Engineering on the Valley's Edge

From the air, the Madera Canal traces a barely perceptible line along the eastern margin of the San Joaquin Valley, hugging the contour where the Sierra foothills flatten into farmland. Its engineers designed the route to follow a roughly constant elevation, avoiding deep cuts and tall embankments wherever possible. But the terrain was not perfectly cooperative. Where the canal crosses ravines, earthen fills carry the water above grade; where local creeks intersect the canal's path, eleven ingenious 'overchutes' - flume-like bridges - carry the creek water over the canal rather than mixing it with the irrigation supply. The canal's inventory at completion reads like a small hydraulic civilization: 5 check structures, 51 farm turnouts, and 8 wasteways for spilling excess flow. In 1965, the headworks at Friant Dam were rebuilt to boost the canal's peak intake from 1,000 to 1,250 cubic feet per second, accommodating the surplus water available in wet years.

Pistachios and the Supreme Court

In the 1990s, a farming company called Central Green sued the United States, claiming that the Madera Canal's design caused subsurface seepage that waterlogged their pistachio orchards. The case climbed all the way to the Supreme Court in 2001, where the justices grappled with an unexpected question: is an irrigation canal also a flood control project? The distinction mattered because federal law shields the government from liability for flood damage. The Court ruled that the Madera Canal was primarily an irrigation channel, not a flood control structure, and that Central Green's claims could proceed. The decision, Central Green Co. v. United States, established that connecting a canal to a flood control system does not automatically grant the government immunity from tort claims along its entire length.

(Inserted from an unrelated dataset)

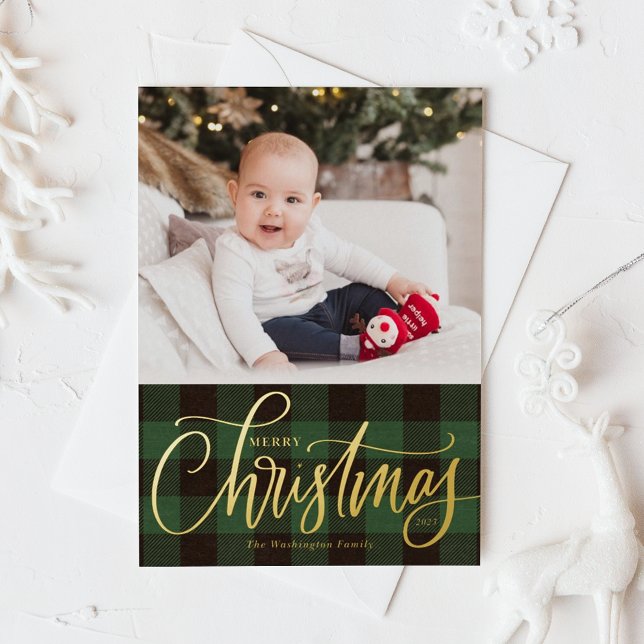 Rustic Green Buffalo Plaid Merry Christmas Photo Foil Holiday Card (Rustic Green Buffalo Plaid Pattern Merry Christmas Photo Foil Holiday Card)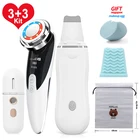 Ультразвуковой скруббер для кожи, средство для удаления черных точек, массажер для лица, комплект 3 + 3, очиститель для лица, очиститель пор, глубокий уход за лицом, звуковой пилинг, устройство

Seventy-Five Years and Counting

Today the Madera Canal delivers Central Valley Project water to roughly 130,000 acres across Madera County and a sliver of Merced County. The Madera Irrigation District holds contracts for up to 85,000 acre-feet of firm supply and 186,000 acre-feet of surplus water annually, while the Chowchilla Water District receives 55,000 acre-feet of firm and 160,000 acre-feet of surplus. The infrastructure is now more than 75 years old, and sections of the original concrete lining - four to six inches thick, poured in place during the war years - are showing their age. Maintenance crews patch lining, rebuild gates, and clear sediment in a perpetual campaign against entropy. No major extensions have been added; the canal still ends where it always has, at the Chowchilla River, carrying the snowmelt of the Sierra Nevada to orchards and fields that could not exist without it.

From the Air

The Madera Canal begins at Friant Dam (37.00N, 119.71W) and runs northwest for 36 miles to the Chowchilla River. From the air, look for the narrow, ruler-straight water channel tracing the eastern edge of the San Joaquin Valley along the Sierra foothills. Best viewed at 3,000-5,000 feet AGL. Nearby airports include Fresno Yosemite International (KFAT) approximately 15 nm south and Madera Municipal Airport (KMAE) about 10 nm west. The canal is most visible when full during irrigation season (spring through fall).